Depuis 2008, l’orchestre MdL a développé différents projets en collaboration avec le TOBS Théâtre Orchestre Bienne Soleure, Opera Obliqua, Kaserne Basel, Sinfonieorchester Basel, l’Opéra National de Pologne à Poznán, la Ricordi München, Universal Music Group, la RTS 2 Kultur, le Festival Stand’Eté, le Théâtre du Passage Neuchâtel, Lyrica Neuchâtel, le Théâtre de Vevey, le Théâtre de Fribourg, Le Granit scène nationale de Belfort, Orchestra Classica Italiana, Scuola di perfezzionamento musicale di Saluzzo, le Comité des Jeux d’hiver Torino, Centre Dürrenmatt Neuchâtel, ARCAL Paris, Espace Choral et le Basler Gesangverein. MdL enregistre avec la Radio Télévision Suisse pour les labels Oehms Classics, Neos Music et Doron. Depuis 2016, l’orchestre et Agudin sont des artistes du label IBS Classical (Grenade). Cette collaboration a désormais donné deux succès discographiques : « Bach Mirror » (NAXOS of America reportait 135’000 téléchargements trois mois après son lancement) et « Der kaiser von Atlantis » (premier enregistrement mondial de l’édition révisée par Lisandro Abadie, en coopération avec la Paul Sacher Stiftung). En 2020 la nouvelle série discographique Music & Literature s’ouvrira avec l’édition de « Generación Cortázar » (créations de Ortiz, Nisinman, Viera) et « Projet Dürrenmatt » (créations de Sontòn-Caflisch, Pflüger, Pérez-Ramírez et Gesseney-Rappo).
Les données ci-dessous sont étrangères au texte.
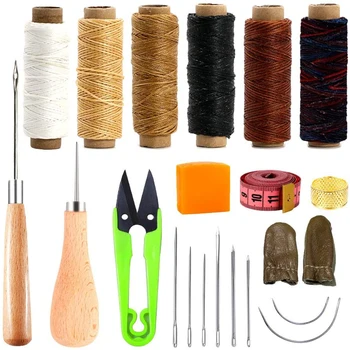 

LMDZ 21 Pieces Leather Sewing Tools, 6 Color Waxed Thread with Leather Sewing Needles Big Eye Needles Curved Needles Awl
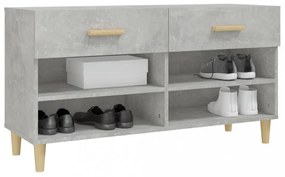 betonszürke szerelt fa cipőszekrény 102x35x55 cm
L’Orchestre Musique des Lumières est subventionné par la République et canton du Jura et par la Loterie Romande. Ses différents projets sont soutenus par la Conférence des présidents des organes de répartitions des bénéfices de la Loterie Romande, la commune du Noirmont, la Fondation suisse pour la culture Pro Helvetia, la Charlotte Kerr Dürrenmatt-Stiftung, la Fondation Nestlé pour l’art, la Fondation SUISA ainsi que par de nombreuses autres institutions.
Pour sa saison 20/21, l’orchestre MdL aura comme invités Ramón Vargas, André Gabetta, Marina Viotti, Rubén Amoretti, Lisandro Abadie, Bénédicte Tauran, Dilara Bastar, Nicole Brandolino. MdL et Facundo Agudín ont au programme deux nouvelles productions discographiques avec IBS Classical : « An English Garden » avec Marina Viotti et « Das Lied von der Erde » avec Ramón vargas et Dilara Bastar.